Aim of the task – Search the material below for the string "with" and copy each line where it appears.

The data –
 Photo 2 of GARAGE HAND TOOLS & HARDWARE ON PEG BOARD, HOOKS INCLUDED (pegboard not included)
==
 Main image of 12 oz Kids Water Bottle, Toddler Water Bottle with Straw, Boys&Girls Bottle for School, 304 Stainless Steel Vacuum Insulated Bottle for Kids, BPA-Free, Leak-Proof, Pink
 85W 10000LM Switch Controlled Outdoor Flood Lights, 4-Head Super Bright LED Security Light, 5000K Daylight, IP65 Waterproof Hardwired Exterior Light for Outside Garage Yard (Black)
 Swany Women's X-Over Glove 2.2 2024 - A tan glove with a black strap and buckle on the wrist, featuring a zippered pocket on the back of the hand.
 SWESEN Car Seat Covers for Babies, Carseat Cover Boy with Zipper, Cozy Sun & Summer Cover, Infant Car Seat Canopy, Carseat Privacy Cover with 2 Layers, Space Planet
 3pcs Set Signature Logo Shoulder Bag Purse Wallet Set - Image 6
* * *
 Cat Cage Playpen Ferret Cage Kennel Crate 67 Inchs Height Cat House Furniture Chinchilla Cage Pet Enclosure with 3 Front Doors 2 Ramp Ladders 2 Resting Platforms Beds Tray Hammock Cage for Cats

Output of the exercise –
 Main image of 12 oz Kids Water Bottle, Toddler Water Bottle with Straw, Boys&Girls Bottle for School, 304 Stainless Steel Vacuum Insulated Bottle for Kids, BPA-Free, Leak-Proof, Pink
 Swany Women's X-Over Glove 2.2 2024 - A tan glove with a black strap and buckle on the wrist, featuring a zippered pocket on the back of the hand.
 SWESEN Car Seat Covers for Babies, Carseat Cover Boy with Zipper, Cozy Sun & Summer Cover, Infant Car Seat Canopy, Carseat Privacy Cover with 2 Layers, Space Planet
 Cat Cage Playpen Ferret Cage Kennel Crate 67 Inchs Height Cat House Furniture Chinchilla Cage Pet Enclosure with 3 Front Doors 2 Ramp Ladders 2 Resting Platforms Beds Tray Hammock Cage for Cats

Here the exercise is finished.